Ce n’est pas toujours le cas depuis que j’ai démarré cette recherche consistant à laisser remonter à la surface un souvenir enfoui grâce à la contemplation d’un portrait réalisé en me regardant, mais cette fois-ci, en suivant le fil des images et de leur signification, j’en arrive à un souvenir en lien avec ma dessinatrice.

Avec Danièle, on se connaît bien. Depuis longtemps en tous les cas : depuis l’enfance ;  et au collège, on était toujours ensemble.

Comme on le constate ici,  on ne s’est pas perdues de vue.

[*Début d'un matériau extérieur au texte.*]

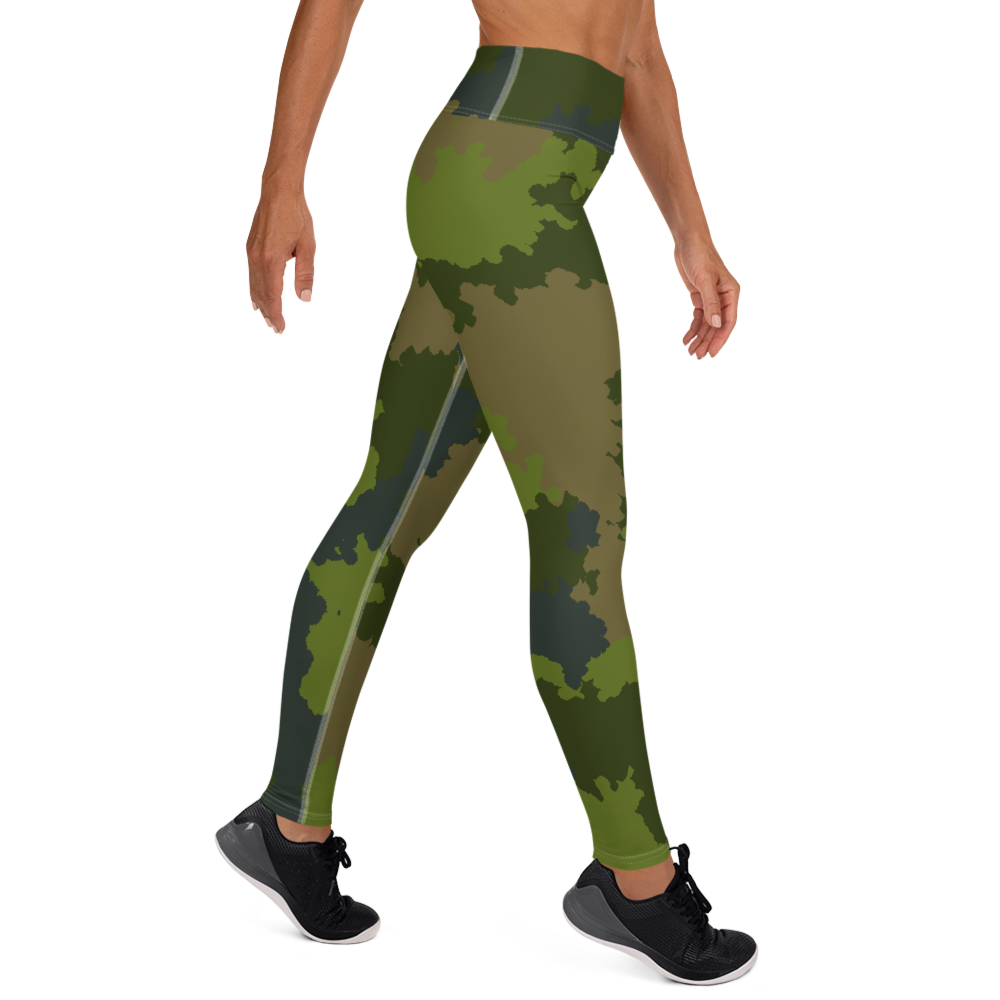 Michigan Upper Peninsula Yoga Leggings (w/ UP Outline) | Woodland Camo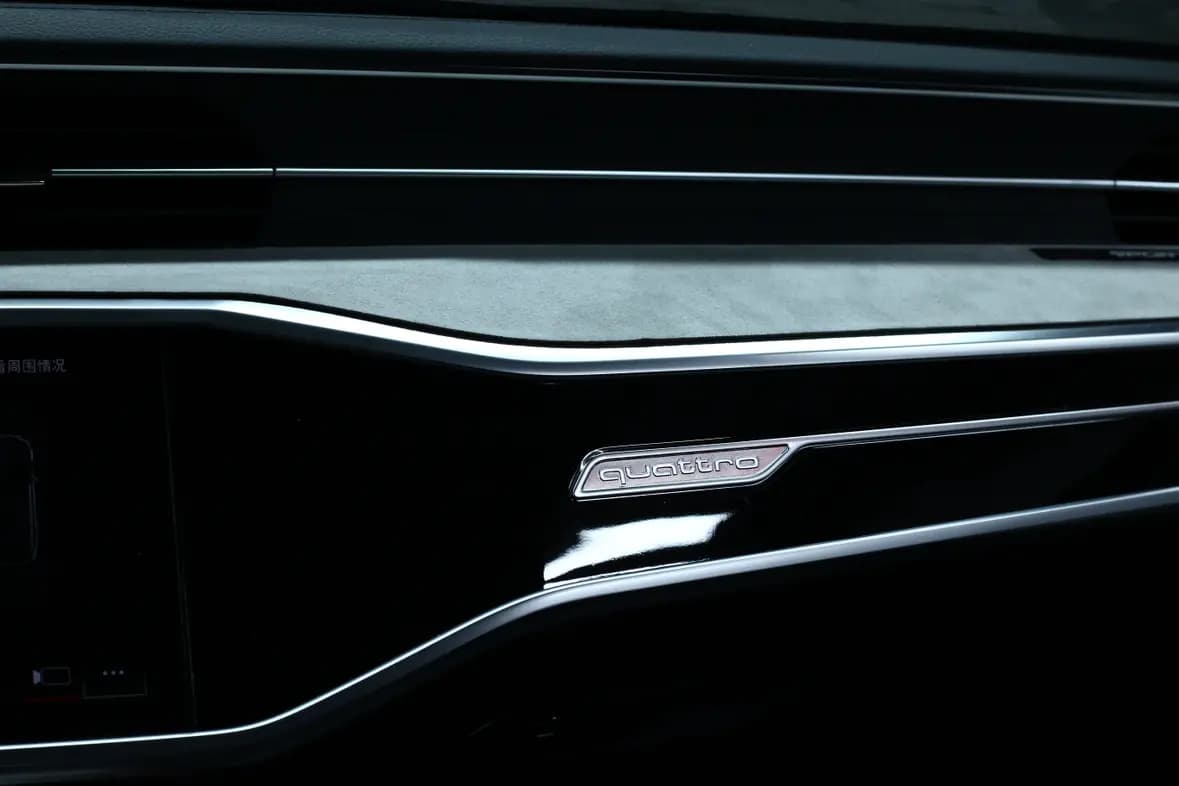 Audi A6 2023 г. 19029 км. — фото 8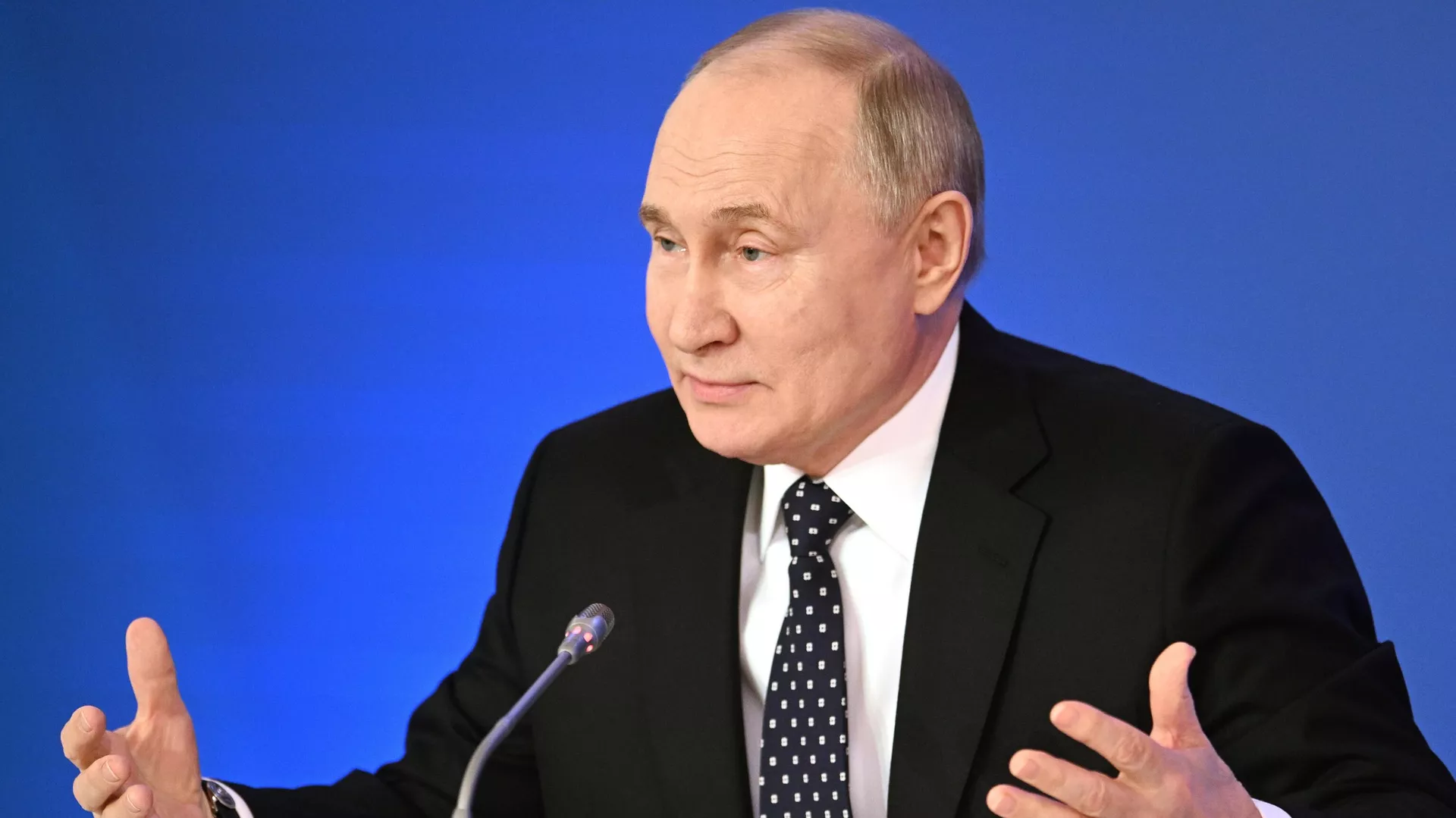 Президент Владимир Путин на съезде Федерации независимых профсоюзов России - ПРАЙМ, 1920, 23.04.2024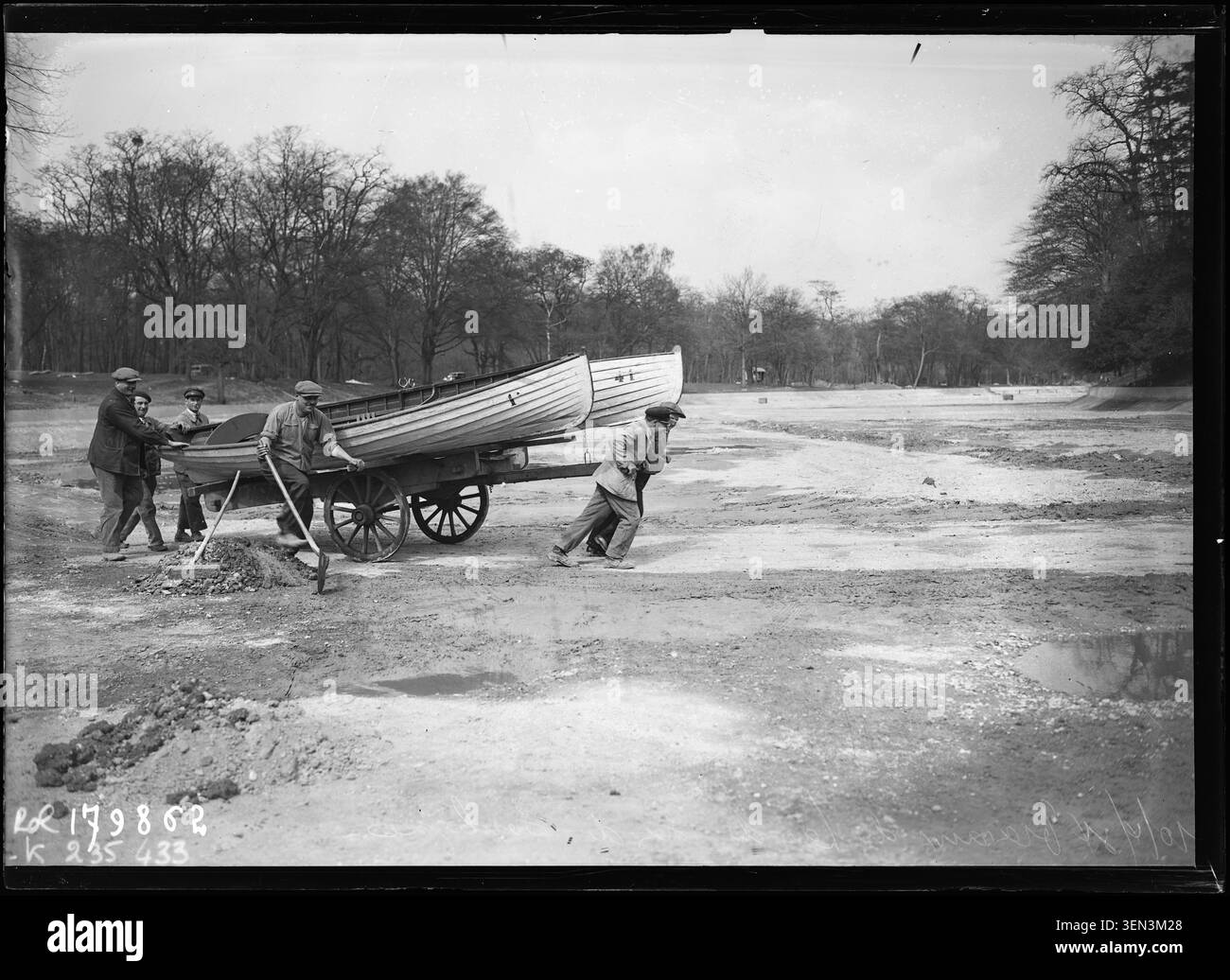 Le 10 avril 1934, les travaux d'entretien et de réparation du lac du bois de Boulogne à Paris se poursuivent, y compris le traitement du réservoir et les activités connexes d'ingénierie paysagère au sein du parc. Banque D'Images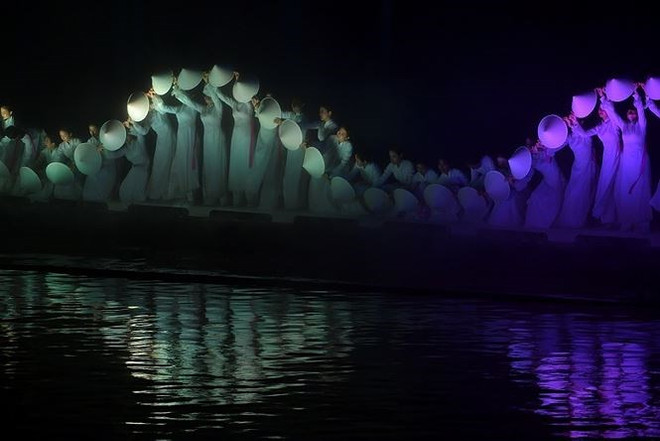 Deux records du Vietnam au programme artistique « Mémoire à Hoi An » ảnh 3 Deux records du Vietnam au programme artistique « Mémoire à Hoi An » ảnh 3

Ce croquis me donnait depuis le début une impression particulière comme un … quelque chose qui chercherait à remonter à la surface. Peut-être même a-t-il été un facteur déclenchant dans l’envie de plonger dans cet aspect des dessins Serial Portraits : en quoi me renouent-t-ils avec ces germes en moi comme autant de fleurs d’un temps passé, revenues à leur état initial de graine ? Il me faut les réveiller, remonter le temps. Ce dessin en a arrosé une.

Ce matin, enfin, révélation ! …. ce croquis m’amène dans l’univers aquatique de SUBMERMAN !  Suberman était un héros de bande-dessinée des années 60 : un héros fondamentalement bon, vivant sous l’eau au sein d’une population pacifique sans palmes et sans nageoires mais avec bronchies, dans une architecture féerique de peuple de l’eau. Malheureusement, il faut un méchant, et il y en avait un sous la forme d’un groupe extérieur et ennemi ne rêvant que d’une chose : asservir les gentils. Heureusement le héros fait son travail,  accompagné parfois de son amie la pieuvre géante.  Quel lien avec Danièle qui n’a certainement jamais lu ces recueils ? Le bien et le mal !  L’humain … est-il bon ? C’était là le deuxième grand thème de nos joutes oratoires de collégiennes, après le dangereux « Peut-on dire qu’on a été amies,  s’il advient un jour qu’on ne le soit plus ? ».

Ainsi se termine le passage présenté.